I miei giochi fantasiologici non desiderano intrattenere ma allertare. Chiedono attenzione. Ma un’attenzione viva, mobile, critica, ironica. Sono pensati per bambini e adulti che non hanno chiuso la porta al dubbio. Trovano posto là dove il pensiero, il gioco del fare finta, la voglia di dimostrare possono ancora accadere.
Alcuni miei giochi qui
Al pari del fisico, che compie esperimenti per verificare certe sue ipotesi, costruisco giochi linguistici, numerici e artistici per divertirci, certamente, e per indagare, soprattutto, in maniera sistematica e pratica le facoltà oggetto della fantasiologia.

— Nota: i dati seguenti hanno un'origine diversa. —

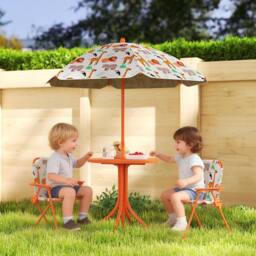 AIYAPLAY Children Table & Chair Set, Kids Patio Set with Umbrella in Orange - thumbnail 1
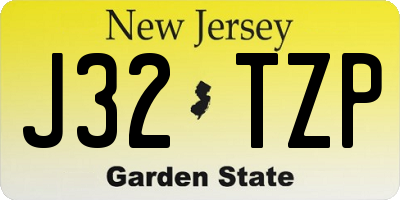 NJ license plate J32TZP
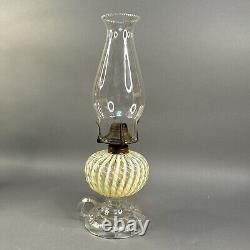 Sheldon Swirl Opalescent Vaseline Kerosene Footed Finger Lamp 1880s GLOWS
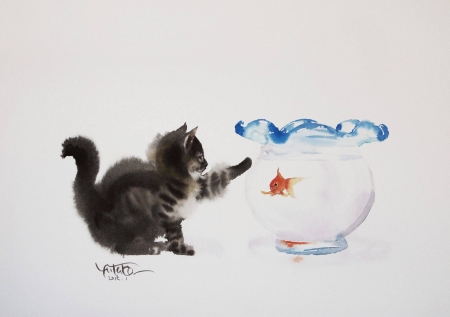 Kitten playing with a goldenfish - boack, cat, animal, kitten, paw, pisici, cute, fish, murakami yutaka, art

Massimo Gerardo Carrese, 2021

gioco fantasiologico di Massimo Gerardo Carrese, esposto al Festival Fantasiologico 2017
Volti in locomotiva di Massimo Gerardo Carrese, professione fantasiologo, è qualcosa di differente da uno spettacolo teatrale o da una narrazione; è più un gioco didattico condiviso, che stimola i piccoli spettatori a ragionare e a lasciar la fantasia libera di esplorare le possibilità di senso, di parole e concetti, tenendo presente che la parola magica della fantasia è “anche”, congiunzione che apre possibilità plurali al significato delle singole cose, per cui può accadere che il disegno stilizzato di un omino vada a comporre la parola treno e che dalle lettere di una parola ne sortiscano tante altre. Spettacolo non è, o se lo è, ne è una versione decisamente sui generis, ma svolge comunque la sua funzione, che è quella di interagire con un pubblico, di interessarlo e al contempo metterne in moto i meccanismi di decodifica e interpretazione della realtà. Realtà della quale la fantasia non è che estensione possibile, dimensione dilatata che allarga sensi e significati.